Question

$a$ moles of $PC{l}_5$ are heated in a closed container to equilibriate $PC{l}_5\left(g\right)\rightleftharpoons PC{l}_3\left(g\right)+C{l}_2\left(g\right)$ at a pressure of $P$ atm.

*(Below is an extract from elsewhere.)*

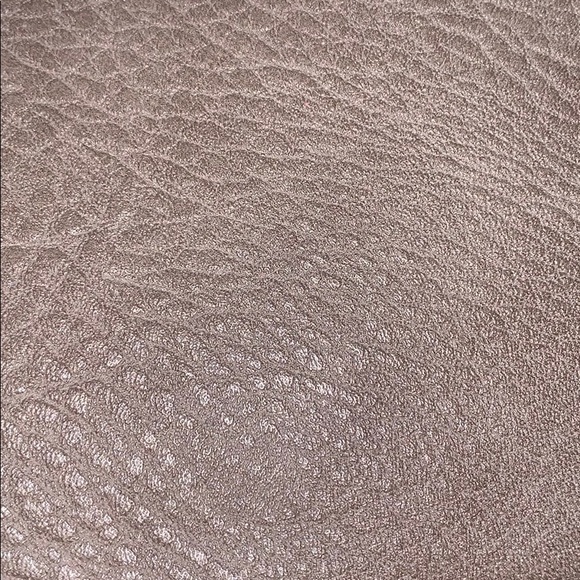 Taupe Chainlink Crossbody - Picture 2 of 6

If $x$ moles of $PC{l}_5$ dissociate at equilibrium, then:

• A. $\frac{x}{a}={\left(\frac{K_p}{P}\right)}^{\frac{1}{2}}$
• B. $\frac{x}{a}=\frac{K_p}{K_p+P}$
• C. $\frac{x}{a}={\left(\frac{K_p}{K_p+P}\right)}^{\frac{1}{2}}$
• D. $\frac{x}{a}={\left(\frac{K_p+P}{K_p}\right)}^{\frac{1}{2}}$

Answer 1

The correct option is C $\frac{x}{a}={\left(\frac{K_p}{K_p+P}\right)}^{\frac{1}{2}}$

$PC{l}_5\left(g\right)\leftrightharpoons PC{l}_3\left(g\right)+C{l}_2\left(g\right)$

Moles of $PC{l}_5$ dissociated $=x$

Moles of $PC{l}_5$ left $=(a-x)$

Moles of $PC{l}_3$ formed $=x$

Moles of $C{l}_2$ formed $=x$

Total moles $=(a+x)$

Degree of dissociastion $\alpha =\frac{x}{a}$

Pressure due to $PC{l}_5=\frac{(1-\alpha )}{(1+\alpha )}P$

Pressure due to $PC{l}_3=\frac{\alpha }{(1+\alpha )}P$

Pressure due to $C{l}_2=\frac{\alpha }{(1+\alpha )}P$

Now,

$K_p=\frac{X_{PC{l}_3}.X_{C{l}_2}}{X_{Pc{l}_5}}P=\frac{{\alpha }^2}{1-{\alpha }^2}P$

$K_p(1-{\alpha }^2)=K_p-K_p{\alpha }^2={\alpha }^{2}P$

$K_p=(K_p+P){\alpha }^2\Rightarrow \alpha =\sqrt{\frac{K_p}{K_p+P}}=\frac{x}{a}$

$\Rightarrow \frac{x}{a}=\sqrt{\frac{K_P}{K_P+P}}$